The best way to communicate between a field device and a control system has been the subject of considerable debate. "Fieldbus wars" have seen supporters of F OUNDATION fieldbus, Profibus, and various other protocols struggle for dominance. Disagreement has also arisen about the best way to handle settable parameters in a field device and present them to the user. On one side are supporters of Device Description Language (DDL), which has become Electronic Device Description Language (EDDL). On the other are those who prefer Field Device Tool/Device Type Manager (FDT/DTM) technology.
With the first and older technology, manufacturers create Device Description (DD) files containing essential data about each device. The host then takes these data and presents them to the user. "The field device manufacturer describes the association of parameters and how they ought to be grouped and shown on the display, but the precise format is up to the host," says Martin Zielinski, director of technology for HART and fieldbus at Emerson Process Management. FDT/DTM technology was designed as a standardized environment for field device maintenance and configuration. A DTM is a device maintenance and diagnostic application that plugs into the host system's engineering and asset management system. Unlike DD language, a device vendor's DTM plug-in includes a user interface to manage and maintain the device. It lets the device vendor create the host application, and control how the interface should be navigated and what information should be shown.
Recent changes have blurred the distinctions between the two technologies in some ways. On the EDDL side, enhancements have added a graphical capability, "where you could draw charts and graphs, and [also] a persistent data capability with ability to store information on the system hard drive and then retrieve it in the future," says Zielinski.
The enhancements, says Foxboro's Piper, "start to organize the configuration screen. Instead of having just a flat list of parameters, [users] can start to organize them into different screens and groupings and tell you which ones should be presented as a pull-down choice. This improves the appearance of the screen, from a fill-in-the-blank kind to a more form-like format."
Despite enhancements, DD has limitations from the host manufacturer's perspective, says Piper. "We can't build a user interface for every valve because each is different," he says. "The valve manufacturer has to do it." FDT, he maintains, is the best technology for doing that. (See diagram.)

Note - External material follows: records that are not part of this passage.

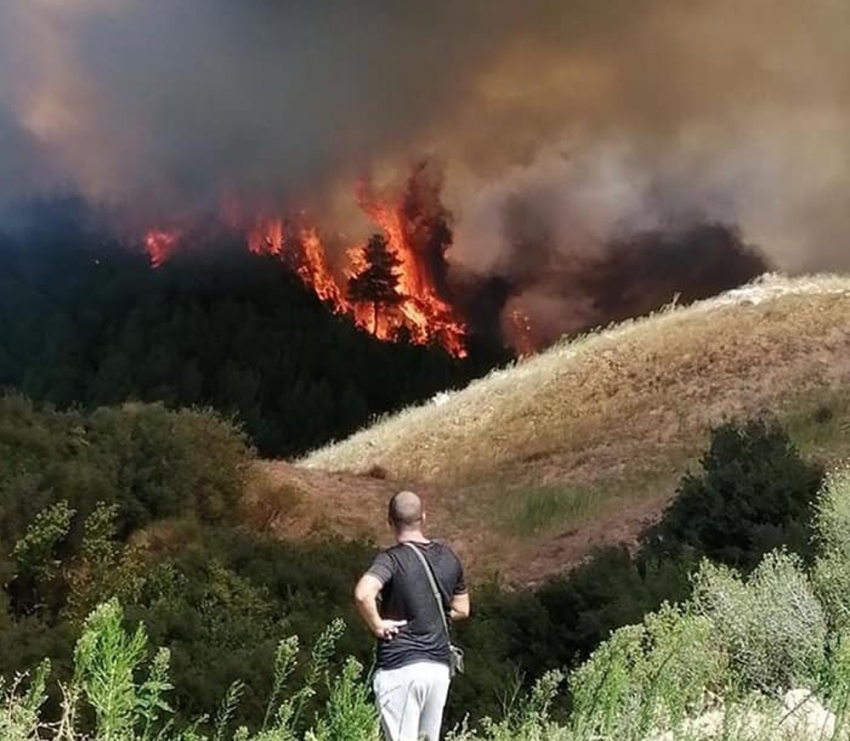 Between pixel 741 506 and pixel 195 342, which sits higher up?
pixel 195 342

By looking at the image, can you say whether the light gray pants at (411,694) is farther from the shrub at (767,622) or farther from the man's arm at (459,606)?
the shrub at (767,622)

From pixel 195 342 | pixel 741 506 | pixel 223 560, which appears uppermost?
pixel 195 342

Emerson's Wallace, on the other hand, believes that "EDDL has significantly more potential to deliver maximum gain with minimum sacrifice." As evidence, he cites support levels. "There are about 1,200 device types that currently use EDDL. There are around 110 that use DTMs." And, he adds, "EDDL is a global standard supported by all host vendors."
Piper disagrees. "Right now, every system vendor except one has declared support for FDT technology," he adds.
Wallace does suggest an arrangement that gives some credence to each side. "My recommendation is to require EDDL and use it as the standard technology. When EDDL, and application packages or 'snap-ins/snap-ons' that use EDDL, are not available for a needed function, consider DTMs."